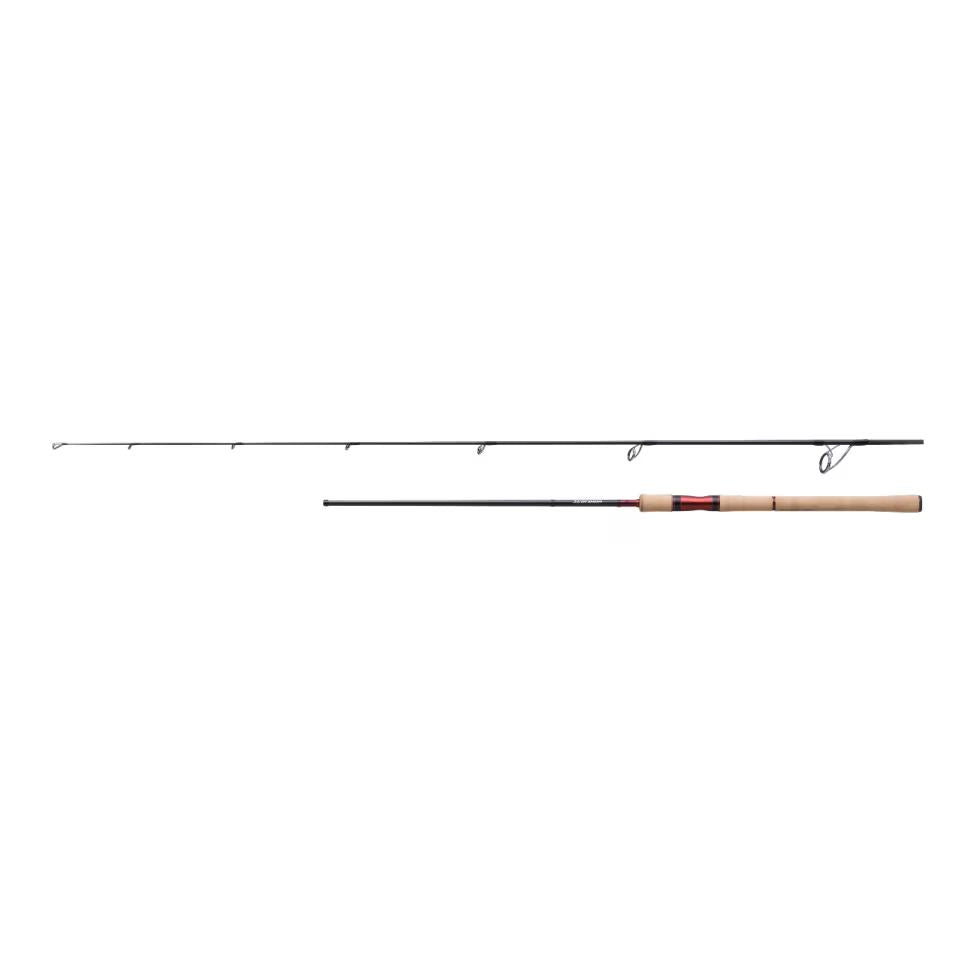 スコーピオン 2704RS-2 スピニングモデル 2.13m ロッド(フリースタイル)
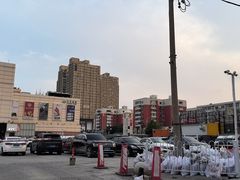 -合易泓烤肉•首创生椰大油边(宁山路店)
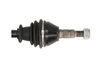 PLANETARA POINT GEAR PNG72943 - Compatibil cu OPEL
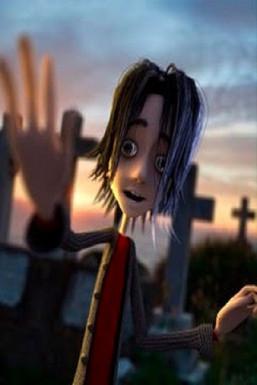 Historias Entre Tumbas dizi afişi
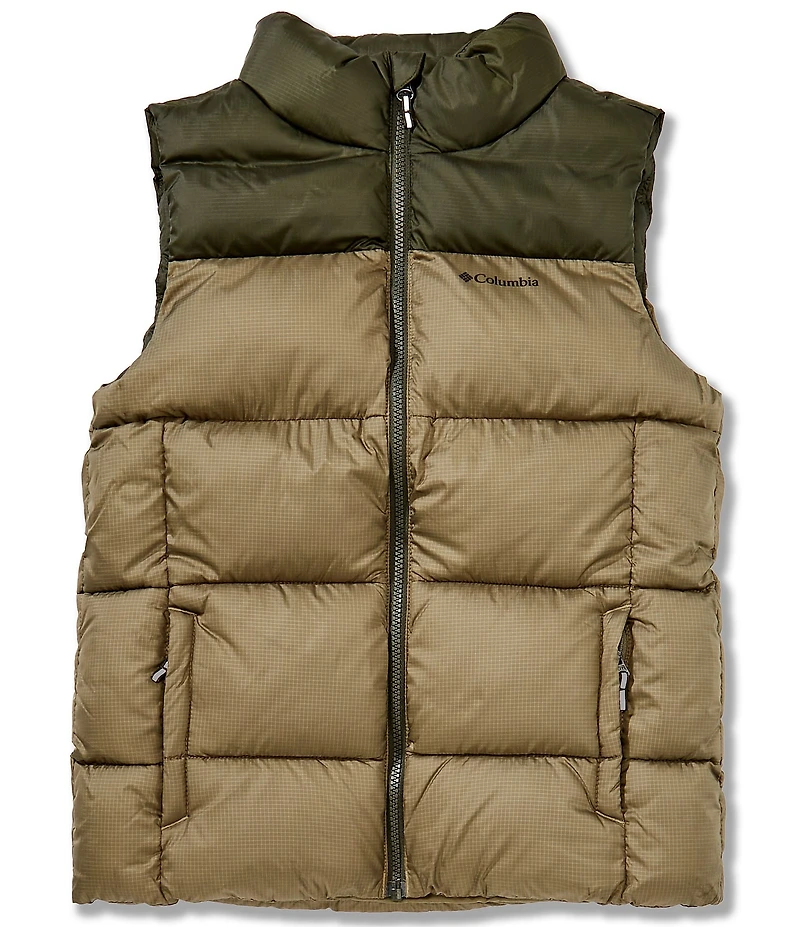 Columbia Big Boys Puffect Vest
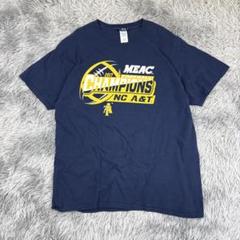 ミッド・イースタン・アスレチック・カンファレンス/アメフトカレッジTシャツ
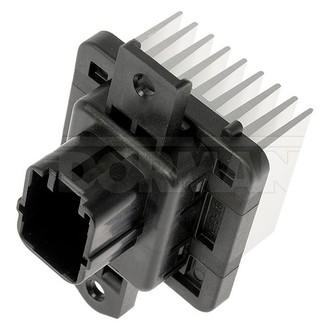 Dorman® - HVAC Blower Motor Resistor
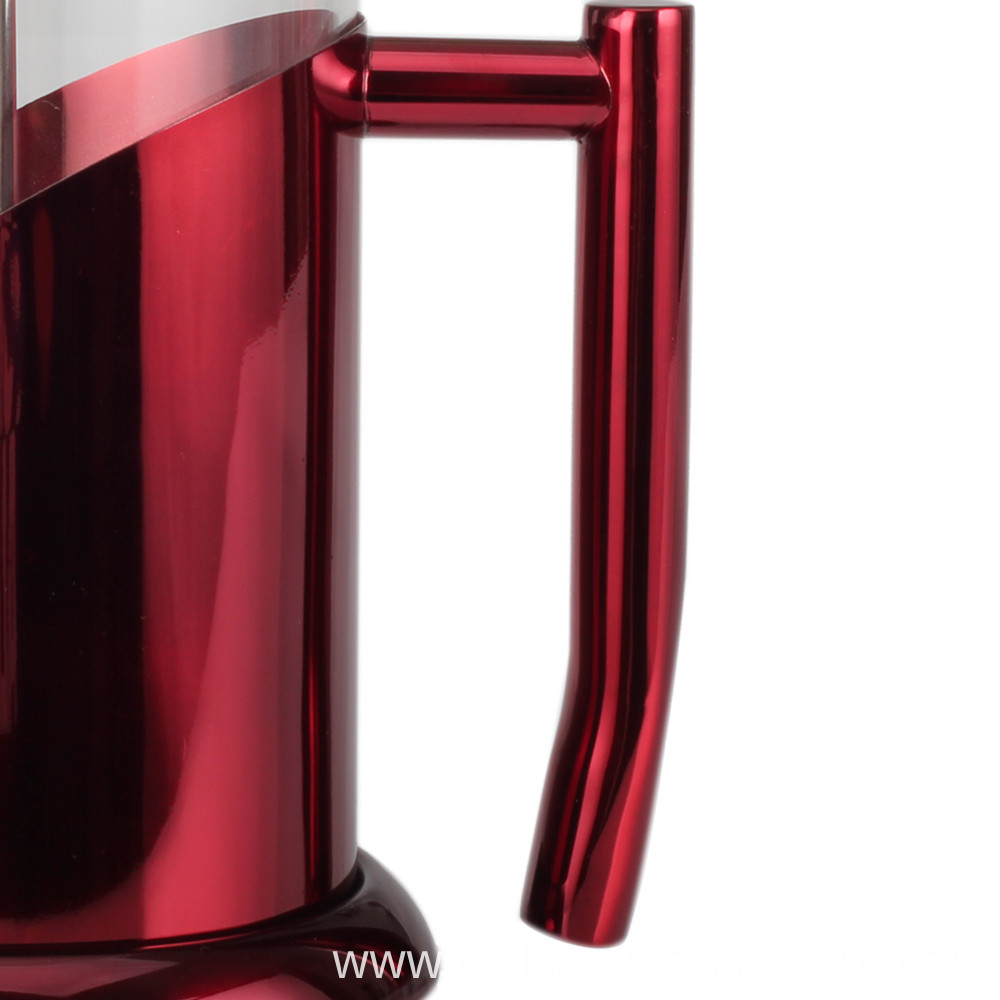 Durable Handle Durable Handle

+===+

# Problem description:
Copy every line of the data word for word, omitting the images.

# Answer space:
 スコーピオン 2704RS-2 スピニングモデル 2.13m ロッド(フリースタイル)
 -合易泓烤肉•首创生椰大油边(宁山路店)
 PLANETARA POINT GEAR PNG72943 - Compatibil cu OPEL
 Historias Entre Tumbas dizi afişi
 Columbia Big Boys Puffect Vest
 ミッド・イースタン・アスレチック・カンファレンス/アメフトカレッジTシャツ
 Dorman® - HVAC Blower Motor Resistor
 Durable Handle Durable Handle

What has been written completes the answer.